Vuelvo al testimonio de
El adiós de Aznar
para recoger literalmente lo que, menos de un año después de los hechos, pensaba yo sobre lo sucedido en la radio:
Estoy convencido de que sólo diez días más de guerra habrían liquidado la principal trinchera de opinión que en esos días le quedó a la derecha y que fue la COPE. Con Radio Nacional absolutamente tomada por los profesionales izquierdistas, y con los informativos de TVE oscilando entre la apertura gubernamental y la cobertura antioccidental y rabiosamente anti-israelí de «las huríes de Ferrari», con «Fátima» Rodicio a la cabeza, sólo
ABC
en la prensa de papel y
Libertad Digital
en Internet suministraban cada mañana argumentos a favor de los aliados en la guerra y del Gobierno en el Parlamento. Pero eran
La linterna
, de forma abierta, y
La mañana
, de forma más matizada, los únicos vínculos diarios que mantuvieron unidos a un Gobierno cercado y una base social acosada y angustiada. La COPE fue el único medio que, con las diferencias propias de directores y colaboradores de esos programas, no abandonó a la derecha. Sólo meses después supimos hasta qué punto nos lo agradecía la audiencia
No insisto en el importantísimo papel de la COPE en esos días por presumir o pasar factura ninguna ni a Aznar ni al PP ni a nadie. Uno hace lo que cree que tiene que hacer, a veces se equivoca y a veces acierta, pero, como suele repetir Luis Herrero, nunca se equivoca si opta por el camino más difícil. Y la gran dificultad que tenía defender aquella trinchera era la oposición del Papa a aquella guerra (como a todas las guerras en general) que fue utilizada desvergonzadamente por la izquierda contra el Gobierno y el PP para deslegitimarlo ante su base social y darle jaque mate en la calle y en las urnas.

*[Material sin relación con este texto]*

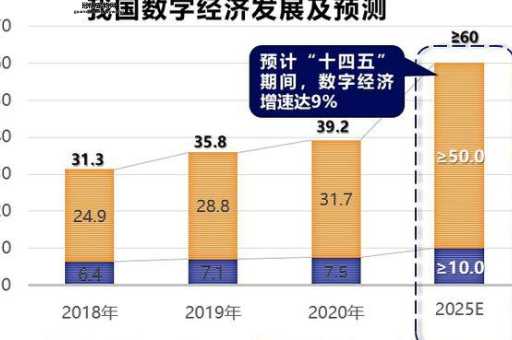 [2025年预言解析：数字经济与未来社会变革]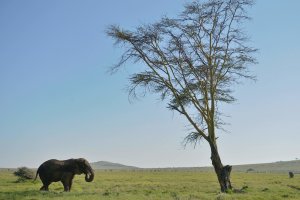 resilienciamag.com - Os humanos estão acelerando a extinção e alterando o mundo natural em um ritmo sem precedentes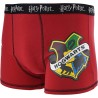 Pack 2 Boxers Hogwarts Harry Potter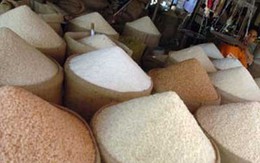 “Hô biến” gạo bình dân thành gạo thượng hạng bằng hương liệu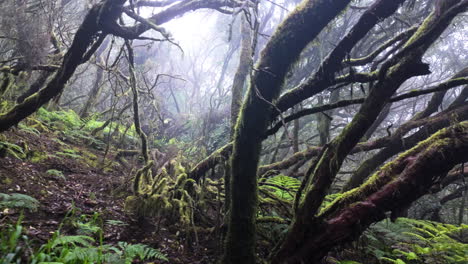 misty forest landscape in parque rural de anaga, eerie and serene view
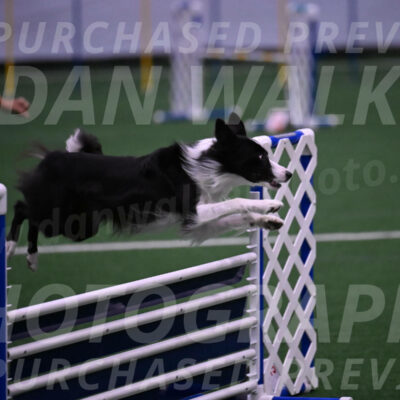 Keeper-Laurie-Wischt-02537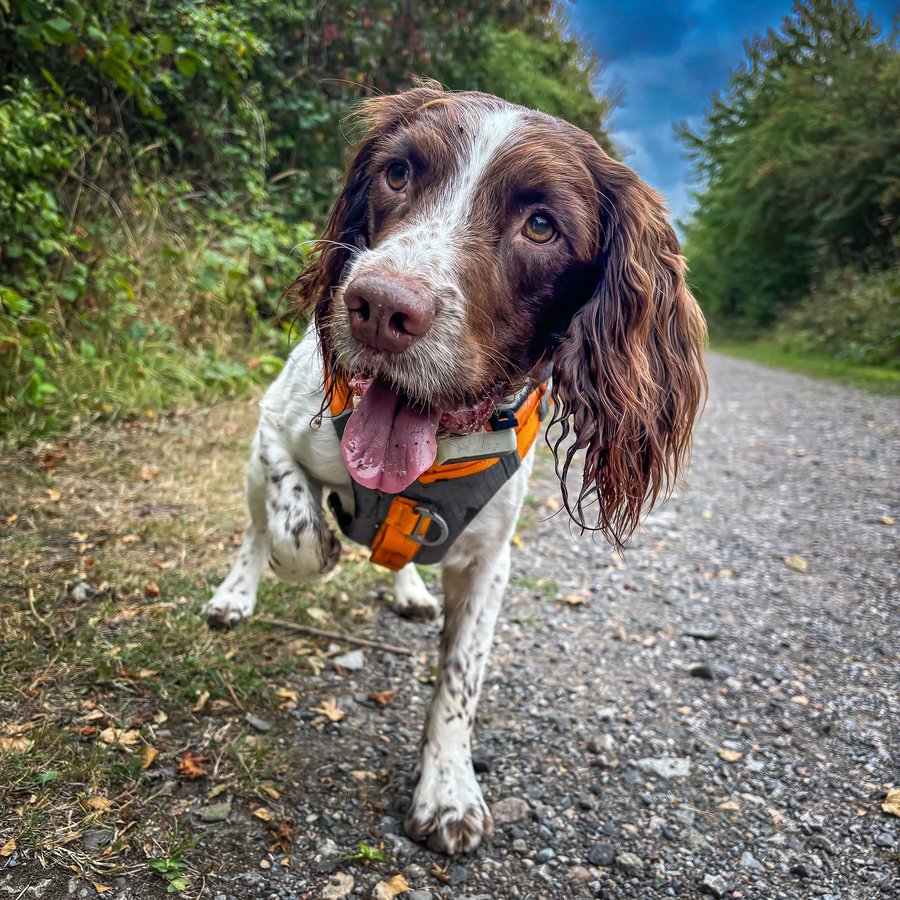 Instagram post by @ernieandco_ for Kurgo. Caption reads: Hey… Look what our friends at @kurgoeu sent us…....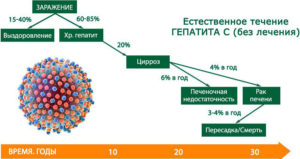 Сколько живут с гепатитом с. Естественное течение вирусного гепатита в. Изменчивость вируса гепатита с. Период жизни вируса гепатита с.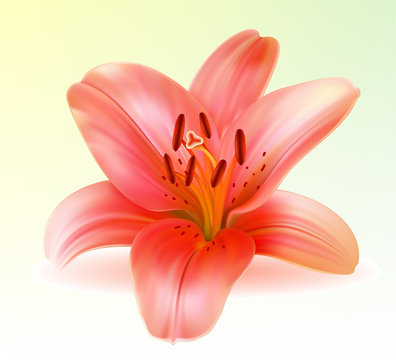 Vector photo-realistic beautiful pink lily
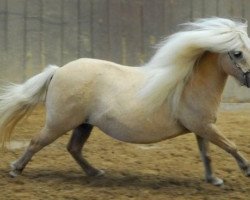 broodmare Shandydown Dame Vera (Shetland pony (under 87 cm), 1995, from Kerswell Rum)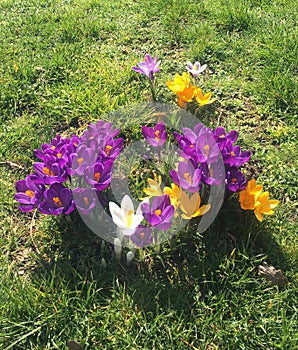 Crocus Flowers in the Spring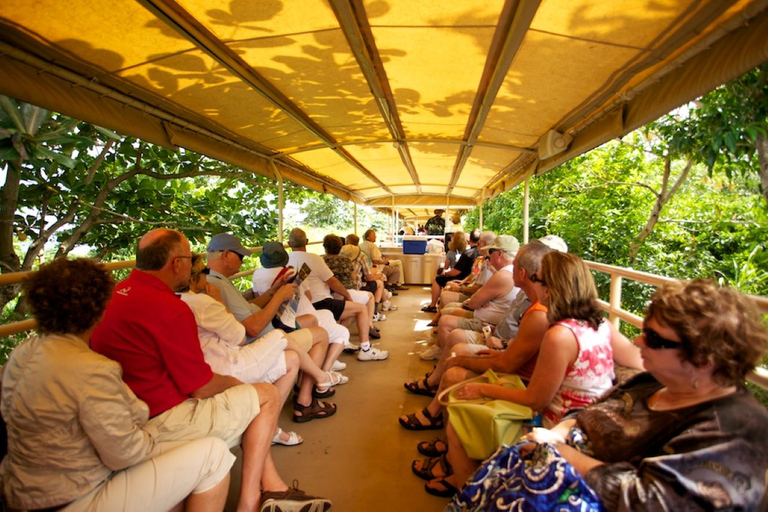 Basseterre: Viagem de 1 dia pela ferrovia panorâmica de St. Kitts com bebidas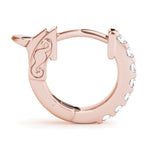 Load image into Gallery viewer, Earrings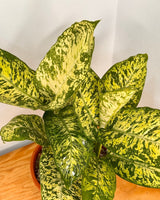 Dieffenbachia ‘Mars’ - Plant Daddy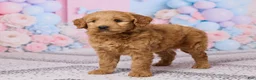 Mini Goldendoodle dogs for sale: Sophie - Ad 5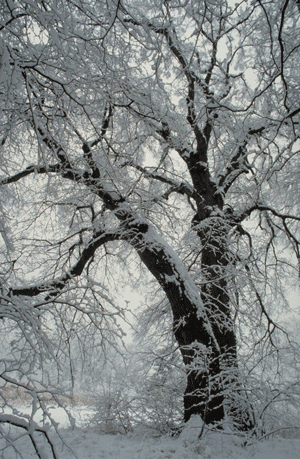 © Verein für Stadtteilkultur im Münchner Nordosten e.V.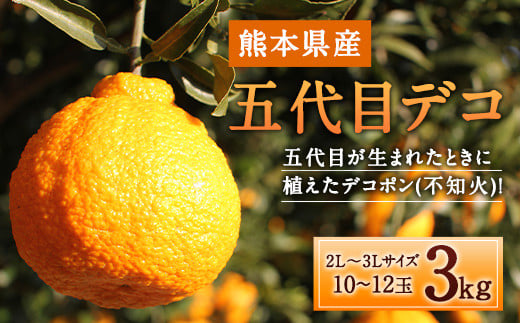 五代目デコ 3kg (10玉～12玉) 不知火 果物 くだもの フルーツ【2026年2月下旬～6月下旬発送】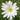 Anemone Blanda Sparkling White
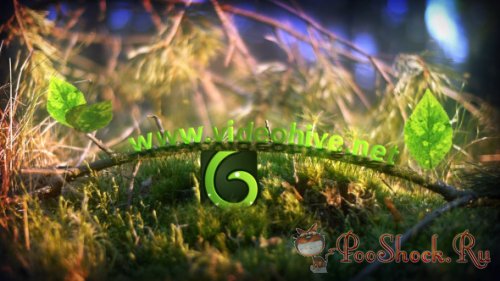 VideoHive - Spring Leaves Logo (.aep)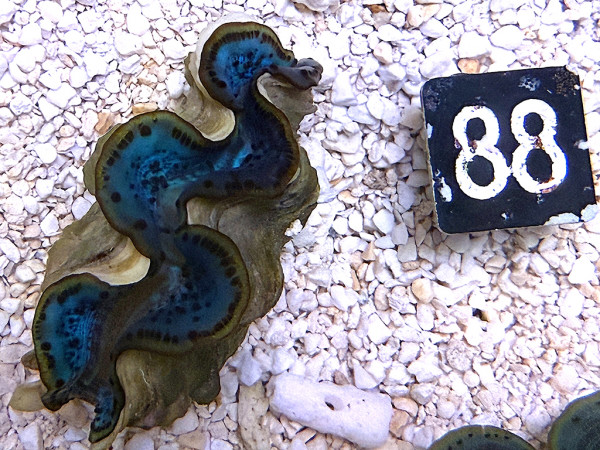 Tridacna maxima 5 cm (88)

La cuestión de fondo no era si en los programas de más audiencia e influencia de la COPE estábamos a favor de la guerra (algo en lo que había diferencias y matices), sino si admitíamos que con la excusa de la guerra se echara al Gobierno legítimo y se triturase a la derecha, es decir, si con la excusa del Papa «se sacaba del mapa político» precisamente a los que van a misa.